Journalism
Creative Review - Wake up and smell the cardigan
A review of Andrew Cracknell's, The Real Mad Men
I have a suspicion that Andrew Cracknell’s book, The Real Mad Men, may have had a
previous life under a different name – probably something pleasantly single-minded like ‘The
Creative Revolution’. This book, a meticulously researched, engagingly written, labour of love,
might have languished forever in the slush-piles of Bloomsbury. But then along came the hit
series, Mad Men, and some bright spark at Quercus had brainwave: change the title, add the
appropriate graphical cues to the cover, a sprinkling of quotes from Don Draper and Peggy
Olsen, and, hey presto, what we have here is an eminently saleable cash-in book.
I mention this, not because these features ruin the book, but because the Mad Men schtick
stands out in a familiar way: it has that client-mandate feel. It serves a purpose, but one that
is irrelevant to the thrust of the narrative. And this is ironic given Cracknell’s subject matter: an
extraordinary period, when a few agencies were trusted to do their jobs with relatively little client
intervention and, much to everyone’s amazement, it worked.
How did they do it? We learn that when pitching for the Avis business Bernbach made a few
simple demands: ‘What you have to do is let us have 90 days to learn your business, and then
you run every ad where we tell you to put it and just as we write it. You don’t change a thing.’
The result was We Try Harder, a frank admission of Avis’s market position geared into a brilliant
piece of strategic thinking. No one stopped DDB running the campaign because it seemed ‘a
little bit negative’ and Avis turned a three million dollar loss into a three million profit in a single year.
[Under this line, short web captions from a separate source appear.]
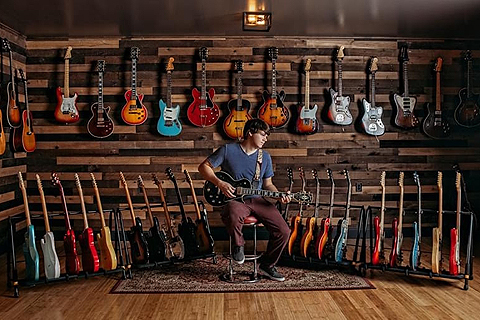 Dillon Taylor with his guitar collection at Dillon's Garage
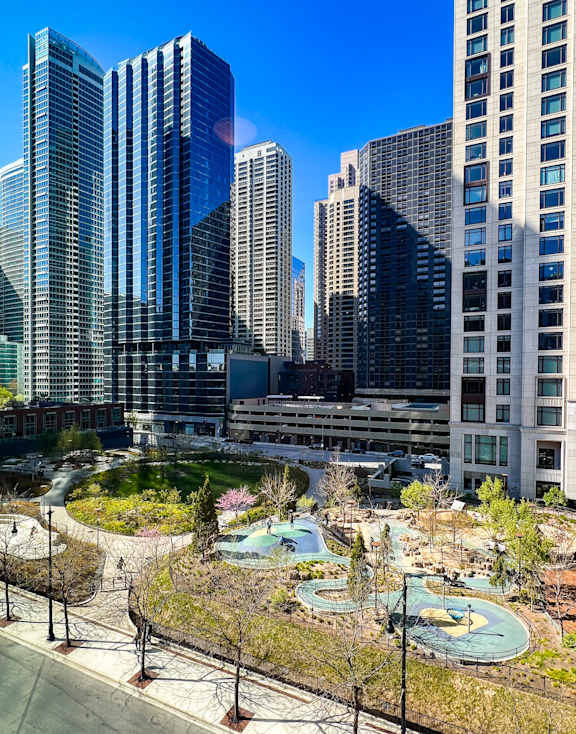 A cityscape with a pool in the foreground.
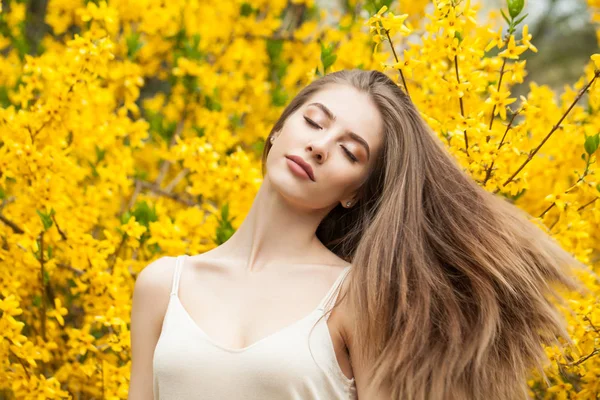 Linda joven al aire libre. Primavera chica con el pelo largo contra flores de fondo —  Fotos de Stock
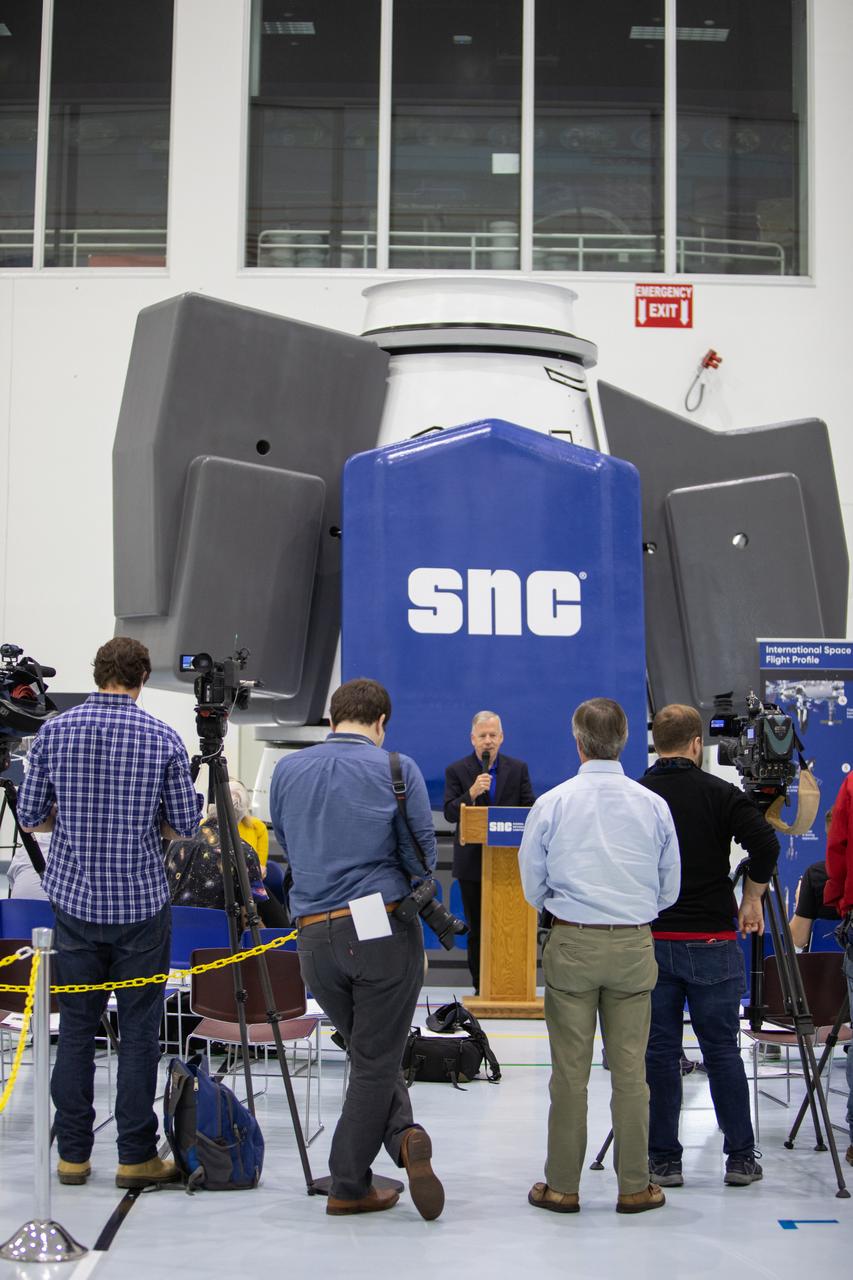Steve Lindsey, senior vice president of strategy for Sierra Nevada Corporation Space Systems and a former NASA astronaut, discusses the capabilities of the company’s Shooting Star cargo module during a media day event in the Space Station Processing Facility high bay at Kennedy Space Center on Nov. 19, 2019. Shooting Star will attach to the back of the company’s Dream Chaser spacecraft. The cargo module will deliver more than 12,000 pounds of supplies and other cargo to the International Space Station for NASA as part of the Commercial Resupply Services-2 contract.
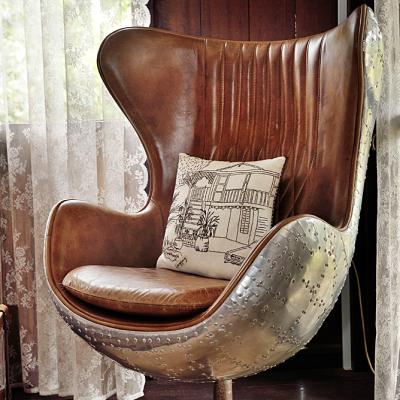 A comfortable leather-bound chair adorn the living room.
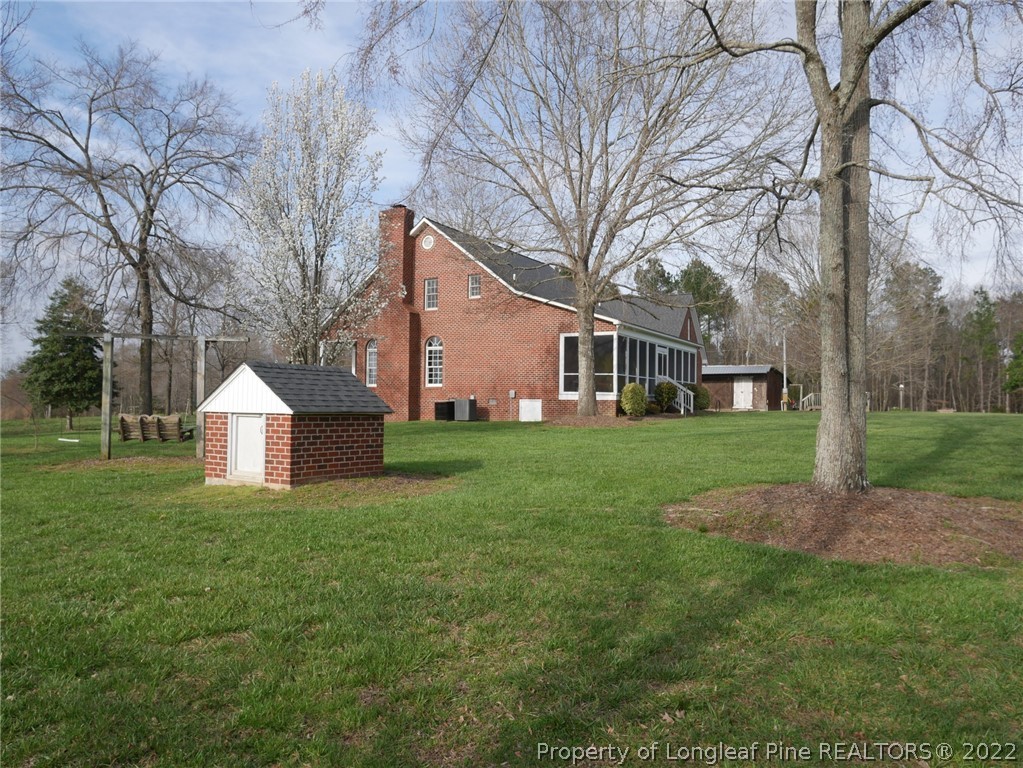2035 North Moore Road Robbins, NC 27325 - Photo 4 of 16 a front view of a house with a yard and trees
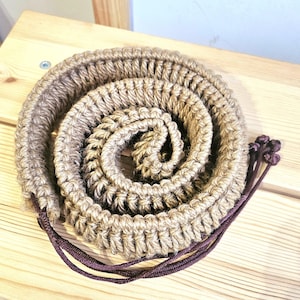Peut inclure: Une corde enroulée en fibre naturelle de couleur brune. La corde est munie d'un cordon brun foncé.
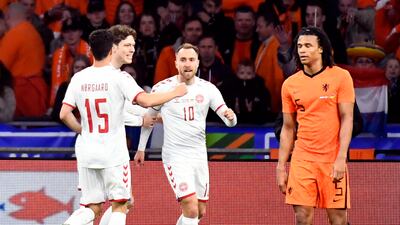 Christian Eriksen celebrates with teammates after scoring for Denmark against the Netherlands. Reuters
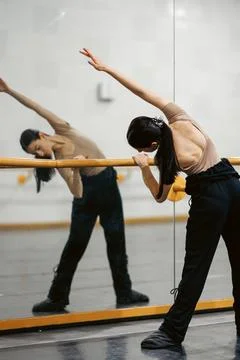 Dancer stretches and practices in a studio with large mirrors during a training Stock Photos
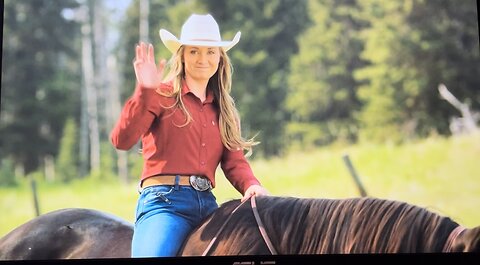 Heartland 17X03 Amy waves to Nathan Pryce Jr. in the field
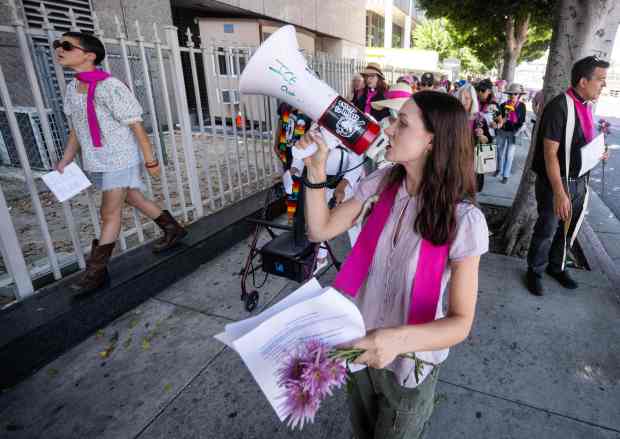 Zoe Kisselbach, of Hollywood, leads an interfaith gathering during their...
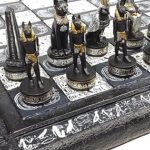 Jeu d'échecs égyptien anubis pour hommes noir argent et or avec plateau hiéroglyphique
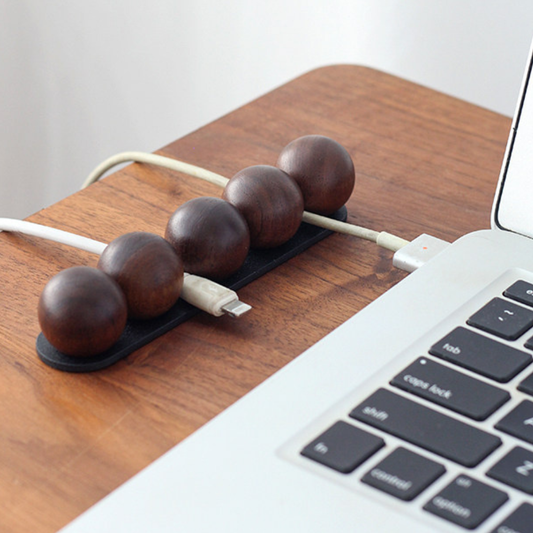 Magnetic walnut cable organizer keeping charging cords neat and accessible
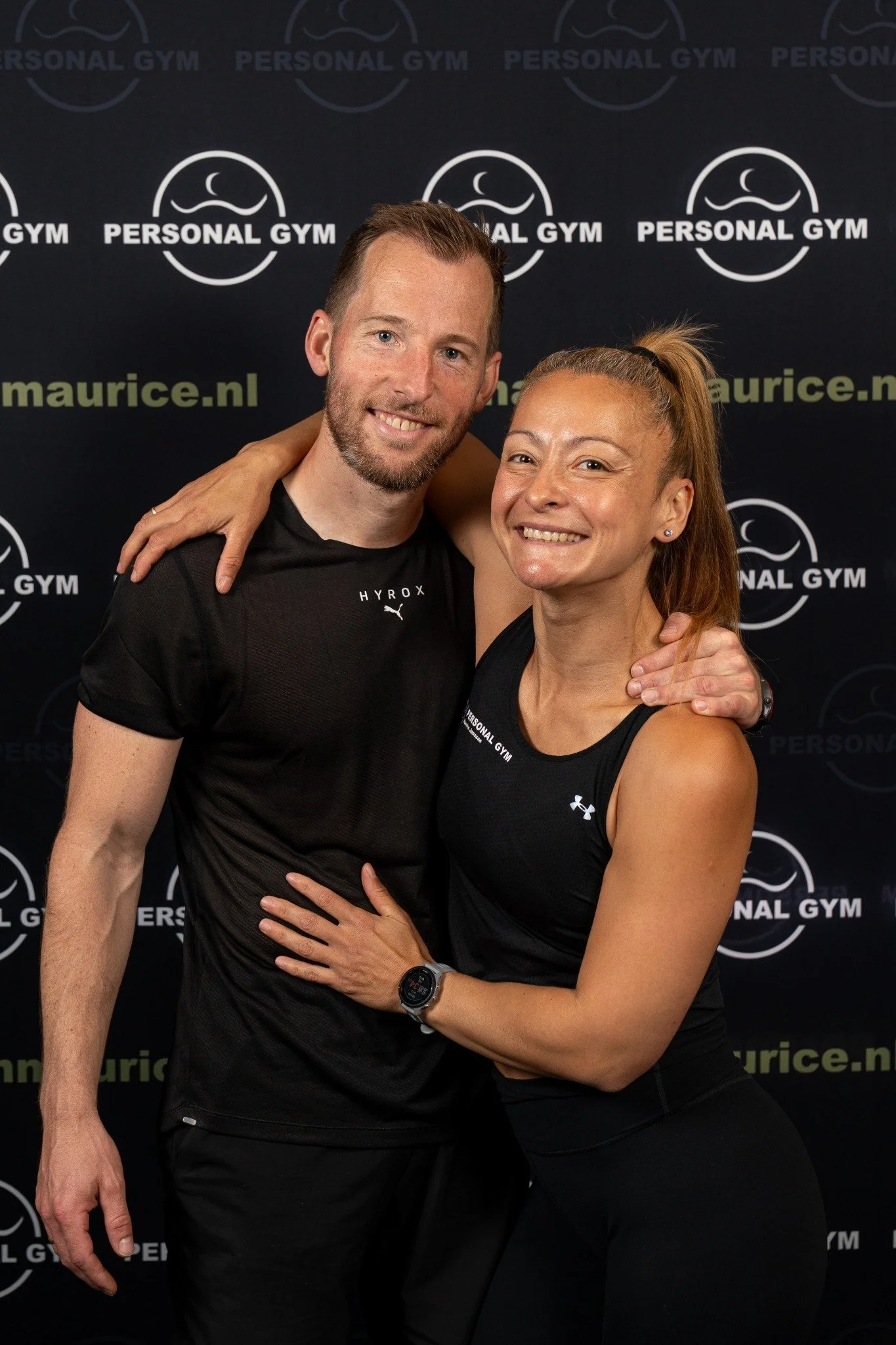 Twee mensen in sportkleding glimlachen en poseren samen, ter gelegenheid van een fitness of sportschool evenement.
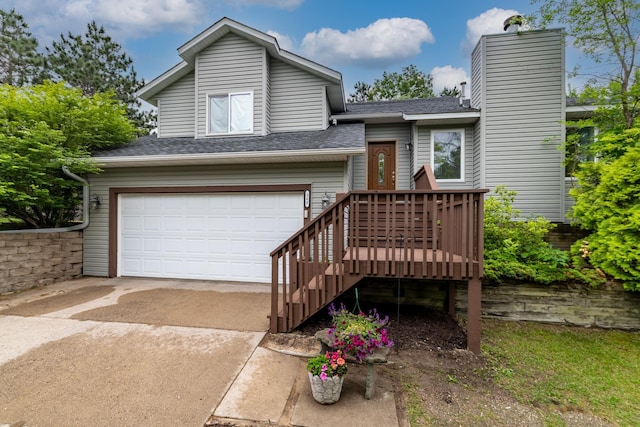 360 117th Ave NW, Coon Rapids, MN 55448 - view of front of home with an attached garage, driveway, roof with shingles, and a chimney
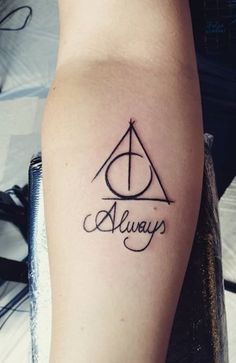 a person with a tattoo on their arm that says alwayss and an image of the deathly symbol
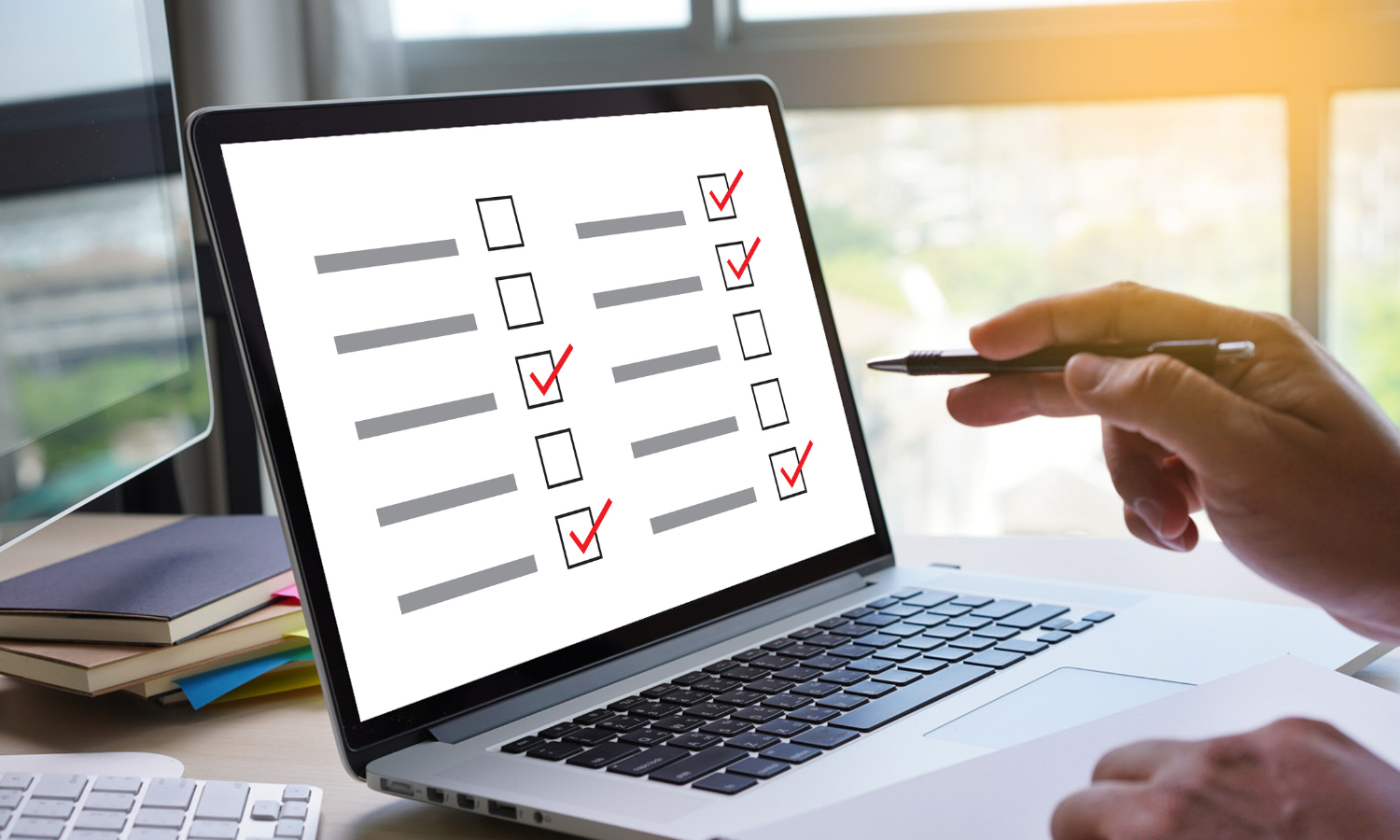 Laptop screen displaying a checklist with several checkboxes marked with red checkmarks, and a hand holding a pen pointing at the screen.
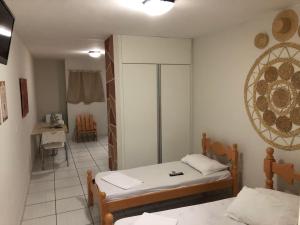 a room with two beds and a table in it at Pousada Serra Negra in Bezerros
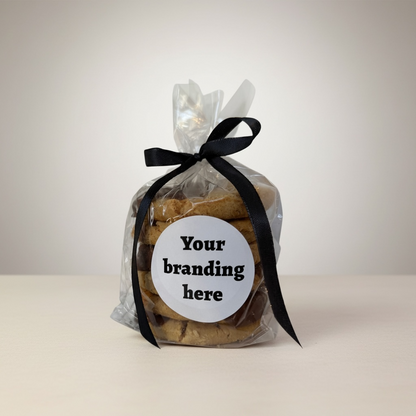 Bag of cookies with a black ribbon and customizable label on a light background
Nor was this the only example of chutzpah in action. Cracknell tells us, ‘DDB’s head of art
Helmut Krone believed that including logos in ads was unimportant, a turn-off in fact, because
as soon as a logo hit the retina it signals ‘advertisement’ and thus becomes an invitation to
turn the page.’ He even managed to pass this conviction on to clients, using the very sensible
argument that the Beetle was so iconic that it could serve in place of the VW logotype. And what
return did they get on this investment of faith? Did confused consumers run screaming through
the streets burning VW franchises? No, their sales continued to rise steadily.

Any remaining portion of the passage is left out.